Enemies Of The Cross Of Christ, And Dwellers On The Earth.

The attentive reader can scarcely have failed to notice that the third of Philippians is a chapter abounding in marked contrasts.

There is the contrast between the Judaizers, whom the apostle contemptuously styles "the concision"–the cutting off – and those whom he designates "the circumcision"-the cutting round-who have no confidence in the flesh and who rejoice in Christ Jesus (vers. 2, 3).
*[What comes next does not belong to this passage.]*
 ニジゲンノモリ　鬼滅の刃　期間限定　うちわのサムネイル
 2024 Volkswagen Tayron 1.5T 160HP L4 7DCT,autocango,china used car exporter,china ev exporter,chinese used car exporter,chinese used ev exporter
This leads him to contrast his own past religiousness;-his trust in the flesh, with his present state, as having counted all loss for Christ and gladly letting everything go and esteeming it as offal, to win Him (vers. 4-9).

In ver. 9 the legal righteousness which "is of the law" is contrasted with "the righteousness which is of God by faith." This is really but carrying out the distinction noticed just above.

In vers. 10 and 11 there is implied at least, the contrast between the resurrection of judgment which was all he could once look forward to, and the '' out-resurrection from among the dead" in which he now looks to have part.

Perfection, in the sense of absolute holiness,-final perfection such as will be ours at the end of the way -is then contrasted with perfection (or full-growth) in the sense of having apprehended the great truths of the gospel (vers. 12-16). The former he disclaims (ver. 12). Regarding the latter he can say "Let us therefore as many as be perfect be thus minded."

Lastly he contrasts the body of our humiliation with the bodies to be ours at the Lord's coming, " fashioned like unto the body of His glory "(ver. 21).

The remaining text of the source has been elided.